The sense of haunting came up loud and clear when I decided to go to just the one place, Inteye Arrkwe, and paint there all the time. OK, here I stand – who was here before and where are they now? Why is it so quiet now? Why aren’t there any little smokes from little maintenance fires, why is there just this huge smoke? I just stumbled from that to finding out about the people who were working there in the 1930s, through Alec Kruger’s story and Roy McFayden’s story, and working through that I had to make contact with the family, I had to do part of that groundwork.

There was comment about different ways of understanding fire, including the Aboriginal concept of fire as ‘cleaning country’.

p2132-Taylor-smoke-RAJT59

 Firefront 2, three boards of 60 x 60 cm.

TAYLOR: Visual metaphor is open, it’s uncontrollable, people will see it in their own ways entirely. For me the fire paintings were about the change in fire use and the existence of buffel grass that radically alters the response to fire in the country [because of its much greater fuel load compared to that of native pasture]. We are not going back to the idea that fire can clean country if there’s buffel present.

Taylor was asked, “What holds you, the beauty or the damage?
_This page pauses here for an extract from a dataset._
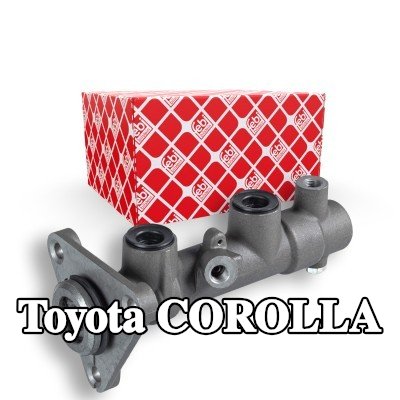 FEBI BILSTEIN المضخة الرئيسية للفرامل — 2000 Toyota Corolla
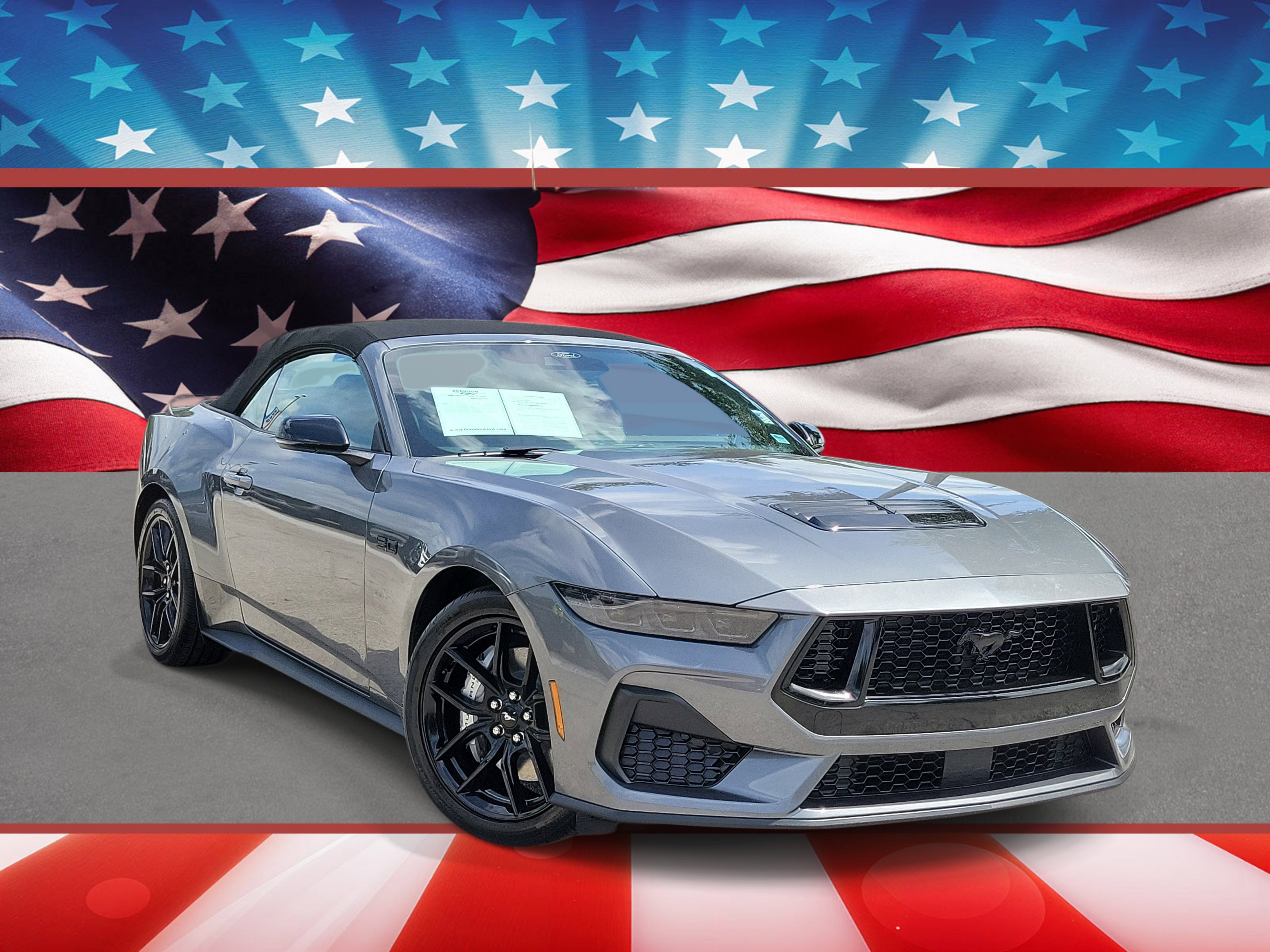 Certified 2025 Ford Mustang GT Premium RWD video 1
I walked in and thought this is all beauty. I can see both now.”

TAYLOR: There isn’t one thing. It’s the endless engagement of it. There’s not going to be a final word. Once you’ve made the work you don’t even know what you’ve done, let alone what someone else is going to make of it. It becomes cultural property, which is great. It gets richer.
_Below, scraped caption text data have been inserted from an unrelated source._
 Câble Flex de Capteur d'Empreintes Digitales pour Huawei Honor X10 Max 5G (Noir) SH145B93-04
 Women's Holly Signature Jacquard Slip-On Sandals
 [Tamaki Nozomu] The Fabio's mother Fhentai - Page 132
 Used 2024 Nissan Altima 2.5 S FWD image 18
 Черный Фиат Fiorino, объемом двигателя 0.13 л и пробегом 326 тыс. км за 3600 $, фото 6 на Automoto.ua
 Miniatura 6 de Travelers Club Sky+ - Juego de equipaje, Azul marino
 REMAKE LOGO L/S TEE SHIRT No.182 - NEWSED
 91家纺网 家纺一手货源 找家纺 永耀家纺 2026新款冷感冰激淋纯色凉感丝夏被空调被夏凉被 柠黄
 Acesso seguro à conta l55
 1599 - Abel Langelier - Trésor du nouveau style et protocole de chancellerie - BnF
* In Iwenhe Tyerrtye – what it means to be an Aboriginal person, Margaret Kemarre Turner OAM (2010, IAD Press).

Note: All images courtesy the artist and Raft Artspace, except where noted. The medium for all paintings is oil on board.

1 COMMENT

  1. What wonderful paintings, Jenny, and so interesting to read about the process behind their creation! Exploring these themes through a visual medium is extremely thought provoking.
    I’m sad not to be in Alice to see the exhibition, but thank you Kieran for the opportunity to glimpse something of its richness.